▶ [What is needed]: Of all the entries below, retype only the lines from the one with "The block is" through the one with "This small bronze", exactly as they appear.

▶ [Record set]:
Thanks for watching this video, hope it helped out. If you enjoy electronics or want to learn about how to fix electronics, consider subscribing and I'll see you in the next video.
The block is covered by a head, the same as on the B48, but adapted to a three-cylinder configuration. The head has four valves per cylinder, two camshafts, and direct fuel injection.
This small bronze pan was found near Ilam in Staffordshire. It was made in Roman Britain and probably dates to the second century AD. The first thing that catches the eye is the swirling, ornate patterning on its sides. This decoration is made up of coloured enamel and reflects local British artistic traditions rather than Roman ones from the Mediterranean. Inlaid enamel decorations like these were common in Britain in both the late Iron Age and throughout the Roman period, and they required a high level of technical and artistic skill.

==

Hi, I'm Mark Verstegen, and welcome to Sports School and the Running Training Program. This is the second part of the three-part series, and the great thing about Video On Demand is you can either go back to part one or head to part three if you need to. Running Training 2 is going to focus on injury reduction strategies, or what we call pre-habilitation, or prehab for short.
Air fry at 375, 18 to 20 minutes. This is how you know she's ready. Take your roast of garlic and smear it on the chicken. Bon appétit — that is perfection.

...

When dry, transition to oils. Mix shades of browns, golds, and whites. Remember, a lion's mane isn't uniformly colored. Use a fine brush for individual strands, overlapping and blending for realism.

▶ [Finished task]:
The block is covered by a head, the same as on the B48, but adapted to a three-cylinder configuration. The head has four valves per cylinder, two camshafts, and direct fuel injection.
This small bronze pan was found near Ilam in Staffordshire. It was made in Roman Britain and probably dates to the second century AD. The first thing that catches the eye is the swirling, ornate patterning on its sides. This decoration is made up of coloured enamel and reflects local British artistic traditions rather than Roman ones from the Mediterranean. Inlaid enamel decorations like these were common in Britain in both the late Iron Age and throughout the Roman period, and they required a high level of technical and artistic skill.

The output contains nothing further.